The onset and duration of analgesia, motor block using Bromage scale, pain scores using VAS score on a scale of 0-10, total volume of drug used, intrapartum haemodynamics, mode of delivery, Appearance, Pulse, Grimace, Activity and Respiration (APGAR) score at 1 and 5 minutes, maternal satisfaction on a 4-point scale as excellent, good, fair, or poor on a verbal numerical score from 0 to 10 were noted (12):
Score 8-10 was taken as excellent,
Score 5-7 as good,
Score 2-4 as fair,
Score <2 as poor
Side-effects, if any, were monitored continuously after administering the study drug.
All the above parameters were recorded at 0, 5, 15, 30 min and every 30 min, and after each top-up every five minute for 15 min, untill delivery.
Statistical Analysis
Data was entered in Microsoft Excel 2010 version and analysed using Statistical Package for Social Sciences (SPSS) version 20.0. For descriptive analysis, the categorical variables were analysed by calculating frequency and percentages, continuous variables were analysed by calculating mean and standard deviation.
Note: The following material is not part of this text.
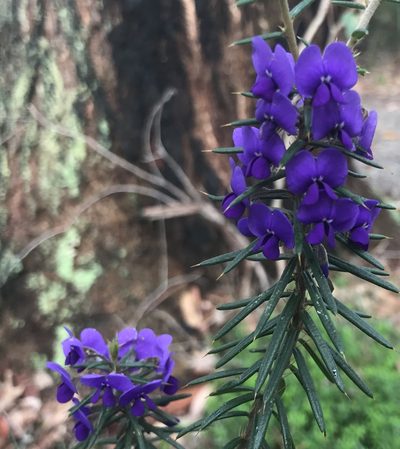 Hovea pungens, photographed by Ann Bentley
For inferential analysis, the numerical data were analysed with t-test, mean values of both the groups, were compared with unpaired Student’s t-test. Chi-square test analysed categorical data and two attributes like mode of delivery, maternal satisfaction score. A p-value <0.05 was considered as statistically significant.
There was no statistical difference in demographic data, gestational age and cervical dilatation between the two groups at the time of enrollment (Table/Fig 2).
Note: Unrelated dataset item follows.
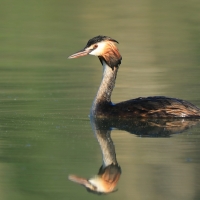 Perkoz dwuczuby - Podiceps cristatus - Great Crested Grebe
There was a faster onset of analgesia in group B. Mean duration of analgesia after each dose, was significantly longer in group B compared to group R, so number of top-up doses required and total volume of study drug used was significantly lesser in group B. Maximum Bromage score achieved was 1 in both groups but more number of parturients in group B were 8 (20%) achieved this score compared to 1 (2.5%) parturient in group R. Mean duration of second stage of labour significantly prolonged in group B. One patient in group B had hypotension compared to none in group R, two patients in group B had nausea compared to one patient in group R both the incidences were statistically insignificant. There was no statistically significant difference in level of block, APGAR score, mode of delivery, haemodynamic parameters and complications (Table/Fig 3) between two groups. Though more number of parturients in group R had better maternal satisfaction score, this was statistically not significant (Table/Fig 3).
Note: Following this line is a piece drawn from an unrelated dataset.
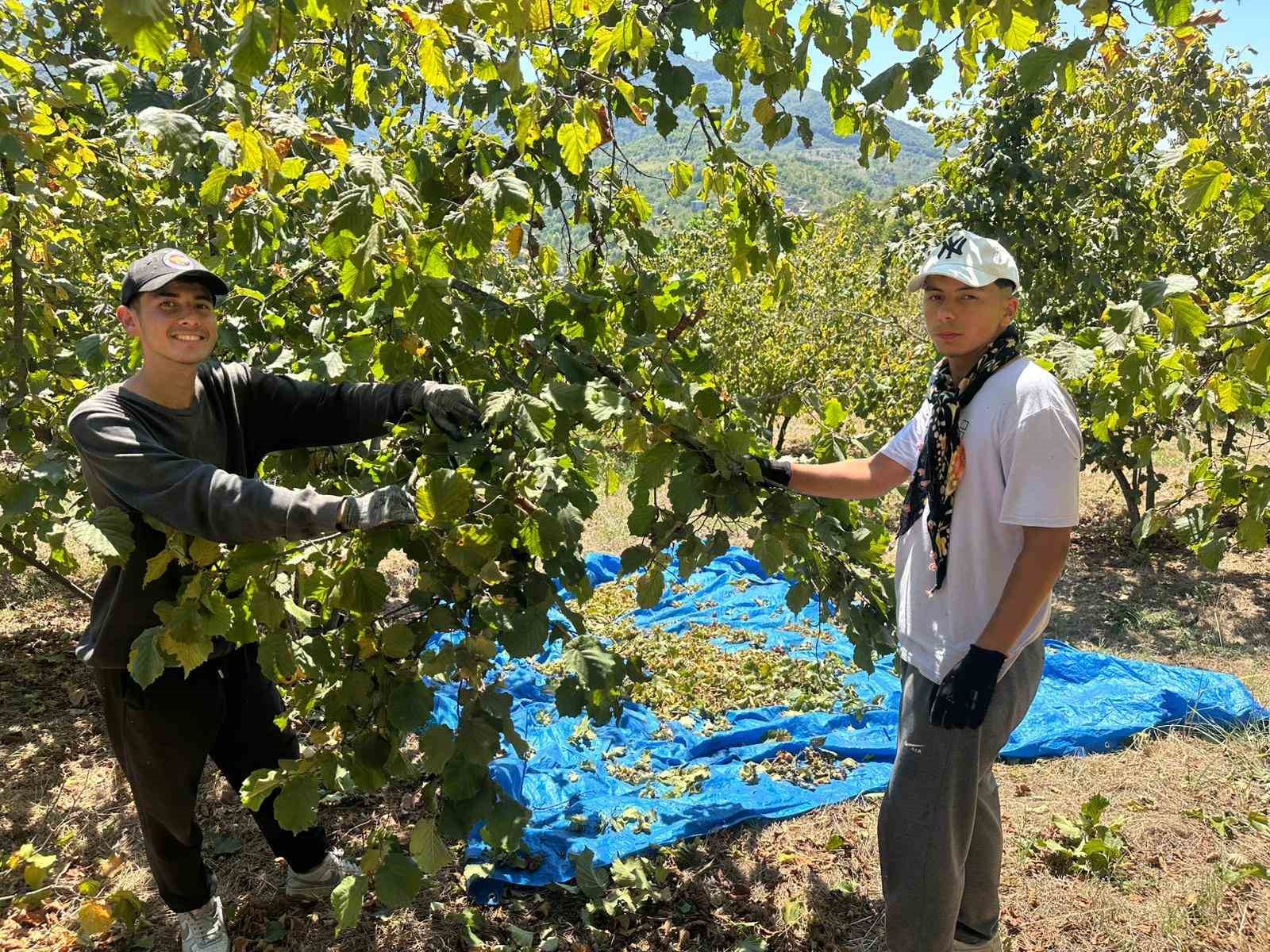 Fındık hasadı başladı, tırpan ücretleri rekor kırdı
There was no significant difference in the VAS scores for the entire duration of labour between the two groups (Table/Fig 4).
Labour pain is the most severe form of pain that is experienced and it varies at different stages of labour. Pain during the first stage is due to dilatation, stretching, tearing of the lower uterine segment and cervix, mediated through the visceral fibers to T10-L1 segments, hence the pain is vague (13). In the second stage of labour, pain intensity increases as the foetus passes through the birth canal dilating, stretching and tearing the tissues along the birth canal and is mediated through the somatic nerves to the lumbosacral segments, hence, the intensity is more (13).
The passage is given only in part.